> _To do_: Return the number of lines below with "living" in them, and nothing else.

Excerpts from a dataset
Start of Block
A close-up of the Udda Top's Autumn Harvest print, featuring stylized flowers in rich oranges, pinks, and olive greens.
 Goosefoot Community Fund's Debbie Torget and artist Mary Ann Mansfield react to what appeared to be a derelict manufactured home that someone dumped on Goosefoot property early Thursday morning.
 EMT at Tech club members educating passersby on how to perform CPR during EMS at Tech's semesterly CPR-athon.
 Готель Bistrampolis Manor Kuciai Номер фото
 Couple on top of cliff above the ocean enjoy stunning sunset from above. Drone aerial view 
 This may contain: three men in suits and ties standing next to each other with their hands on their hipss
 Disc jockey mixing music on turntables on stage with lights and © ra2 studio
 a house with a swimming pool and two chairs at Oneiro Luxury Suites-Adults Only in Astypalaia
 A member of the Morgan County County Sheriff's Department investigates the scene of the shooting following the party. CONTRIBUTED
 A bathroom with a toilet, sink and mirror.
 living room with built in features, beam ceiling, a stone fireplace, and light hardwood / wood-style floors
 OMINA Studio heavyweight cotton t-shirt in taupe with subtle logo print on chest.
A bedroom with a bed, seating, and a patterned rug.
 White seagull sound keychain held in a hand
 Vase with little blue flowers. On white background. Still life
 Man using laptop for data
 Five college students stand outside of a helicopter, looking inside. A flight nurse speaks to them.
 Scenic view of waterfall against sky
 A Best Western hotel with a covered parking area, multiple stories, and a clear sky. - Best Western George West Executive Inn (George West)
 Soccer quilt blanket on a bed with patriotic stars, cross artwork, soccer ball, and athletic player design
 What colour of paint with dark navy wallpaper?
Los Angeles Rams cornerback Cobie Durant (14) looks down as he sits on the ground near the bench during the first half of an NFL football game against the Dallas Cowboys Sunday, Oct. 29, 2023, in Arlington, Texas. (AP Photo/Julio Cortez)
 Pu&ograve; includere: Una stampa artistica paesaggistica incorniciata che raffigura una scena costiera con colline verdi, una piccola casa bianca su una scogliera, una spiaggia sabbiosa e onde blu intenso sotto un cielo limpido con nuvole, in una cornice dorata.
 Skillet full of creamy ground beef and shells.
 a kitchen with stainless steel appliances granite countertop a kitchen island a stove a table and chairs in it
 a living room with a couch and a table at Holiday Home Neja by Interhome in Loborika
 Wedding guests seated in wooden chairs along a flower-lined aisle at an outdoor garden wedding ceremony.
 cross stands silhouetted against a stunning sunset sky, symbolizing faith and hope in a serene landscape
End of Block
> _Problem solution_: 2